- Opening Delimiter -
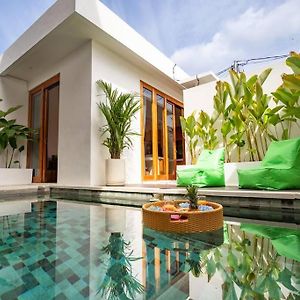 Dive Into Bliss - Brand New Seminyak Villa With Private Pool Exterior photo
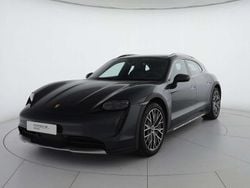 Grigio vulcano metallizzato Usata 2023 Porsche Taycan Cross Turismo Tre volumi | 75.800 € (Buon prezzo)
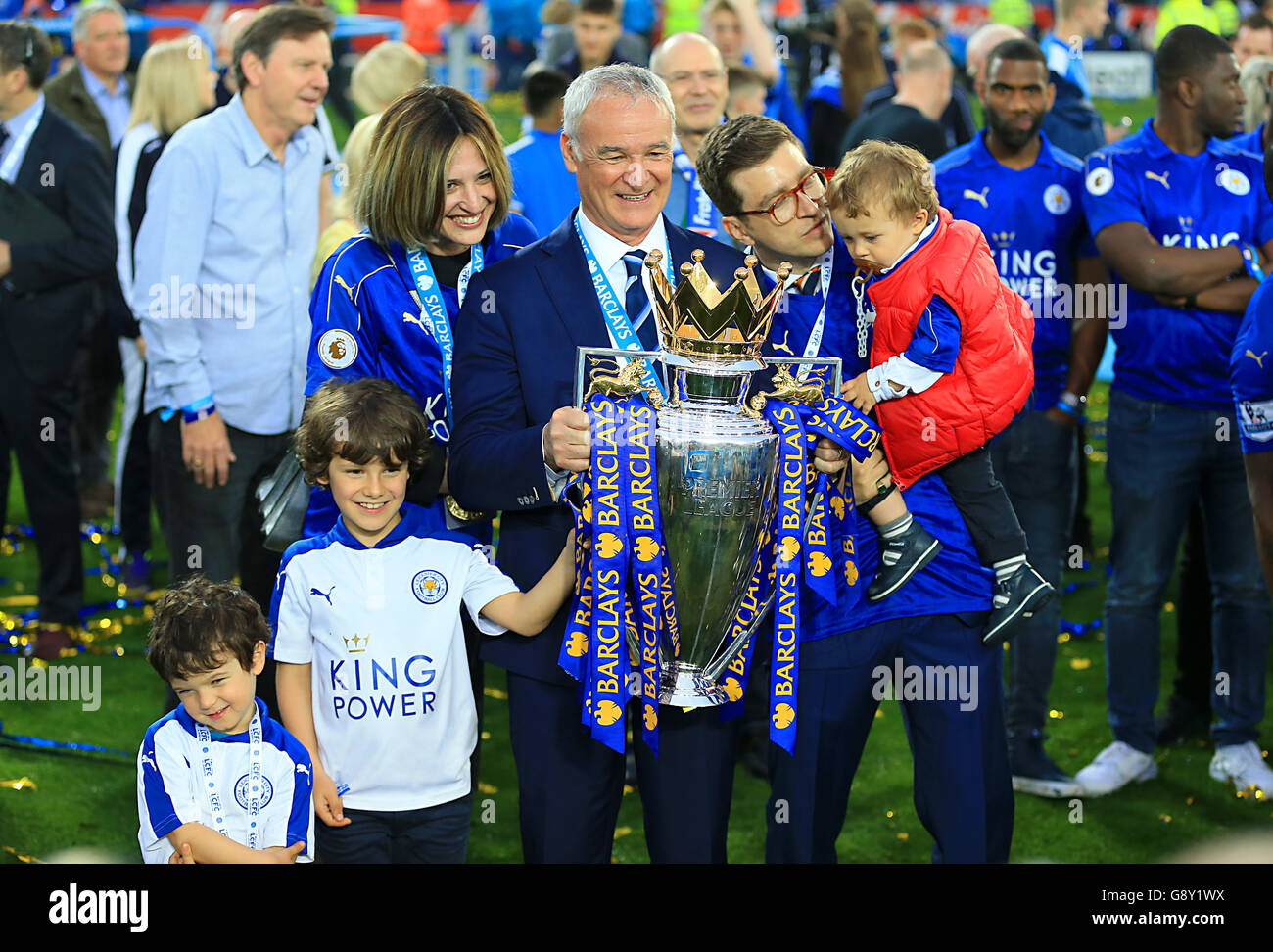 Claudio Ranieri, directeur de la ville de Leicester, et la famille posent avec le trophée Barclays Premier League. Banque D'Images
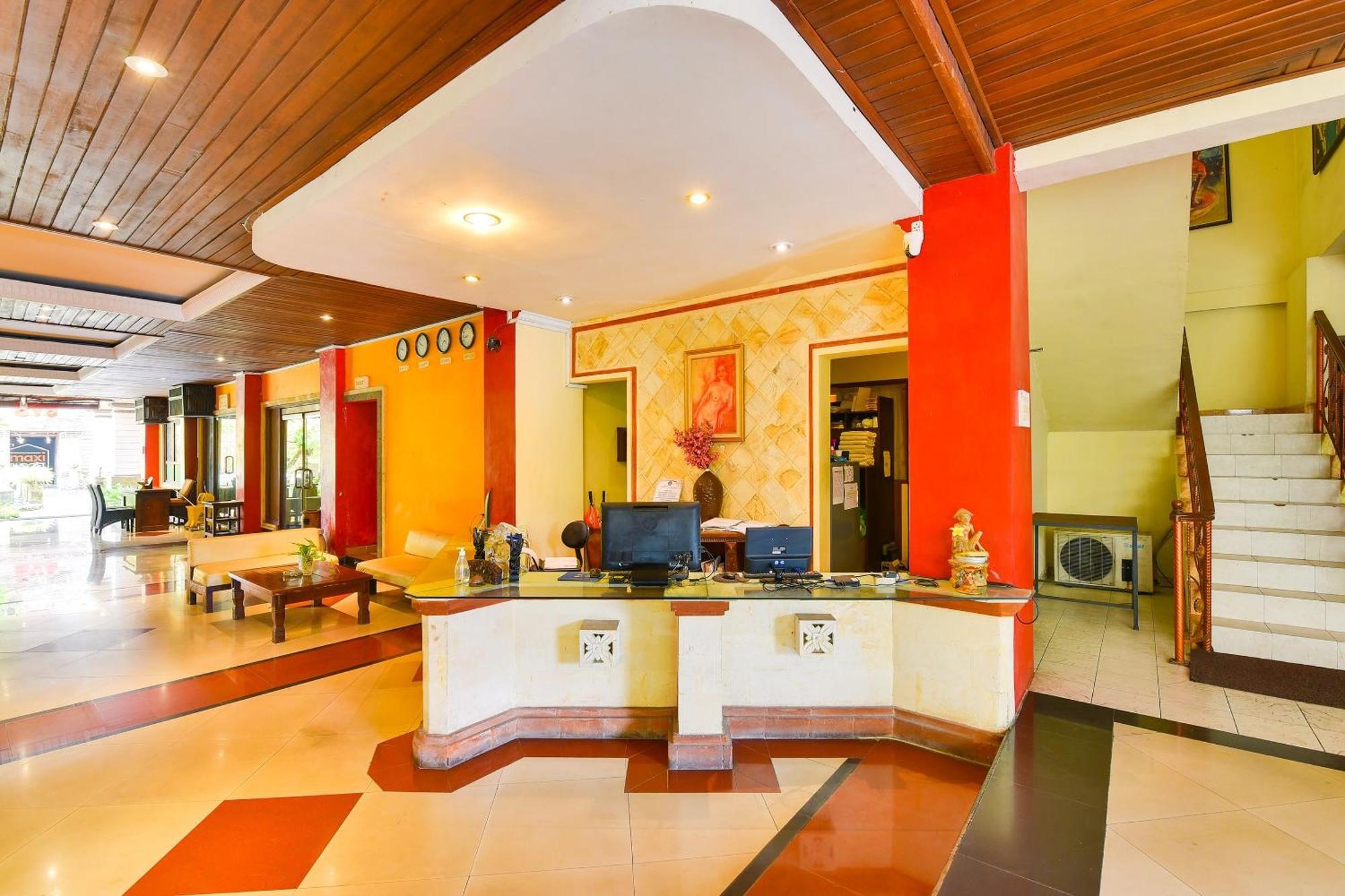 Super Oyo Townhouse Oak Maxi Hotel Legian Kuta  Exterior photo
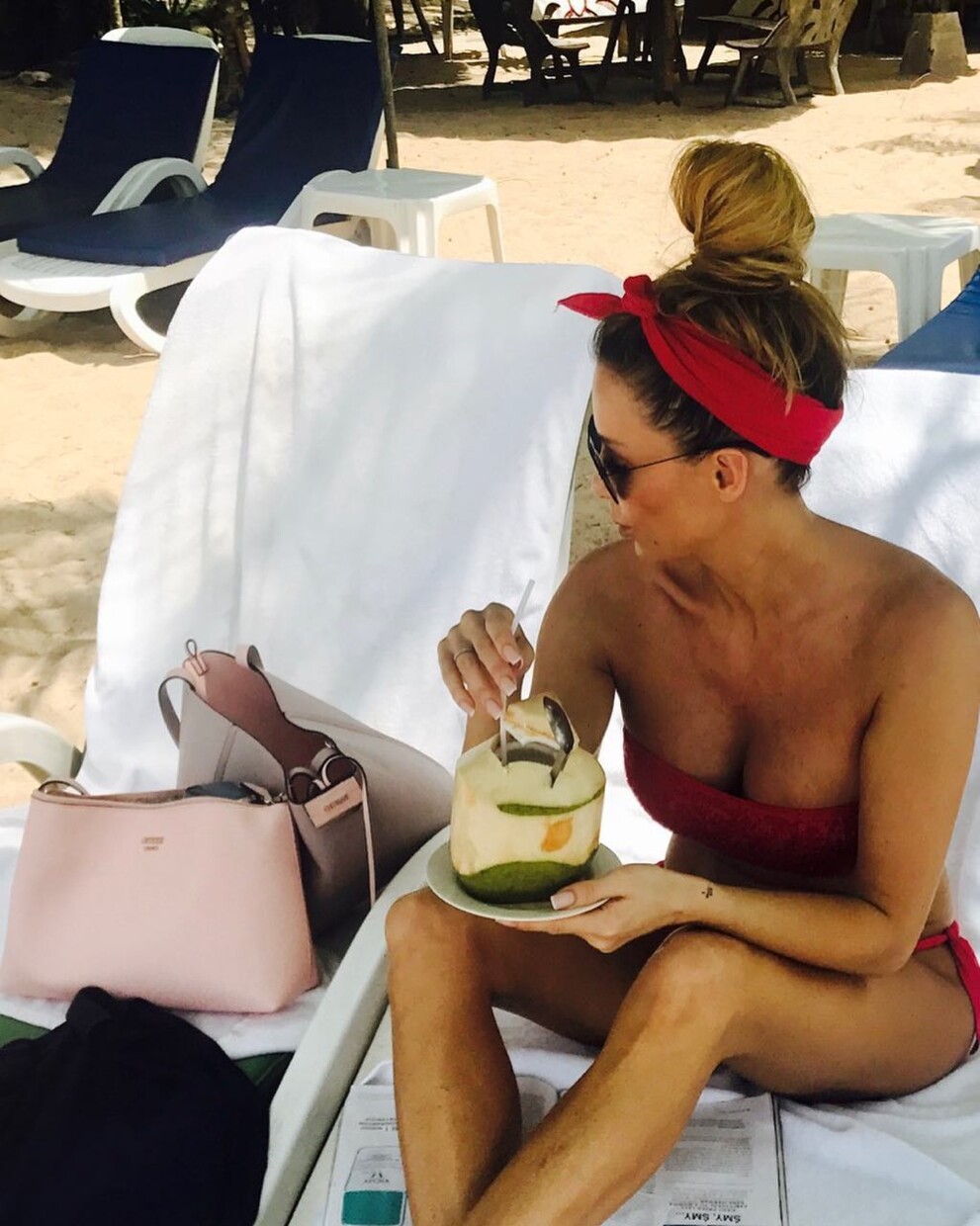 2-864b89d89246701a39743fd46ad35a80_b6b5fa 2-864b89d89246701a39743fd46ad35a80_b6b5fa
- Closing Delimiter -
Since the pictures are not wanted, give the material again exactly without them.

 Dive Into Bliss - Brand New Seminyak Villa With Private Pool Exterior photo
 Grigio vulcano metallizzato Usata 2023 Porsche Taycan Cross Turismo Tre volumi | 75.800 € (Buon prezzo)
 Claudio Ranieri, directeur de la ville de Leicester, et la famille posent avec le trophée Barclays Premier League. Banque D'Images
 Super Oyo Townhouse Oak Maxi Hotel Legian Kuta  Exterior photo
 2-864b89d89246701a39743fd46ad35a80_b6b5fa 2-864b89d89246701a39743fd46ad35a80_b6b5fa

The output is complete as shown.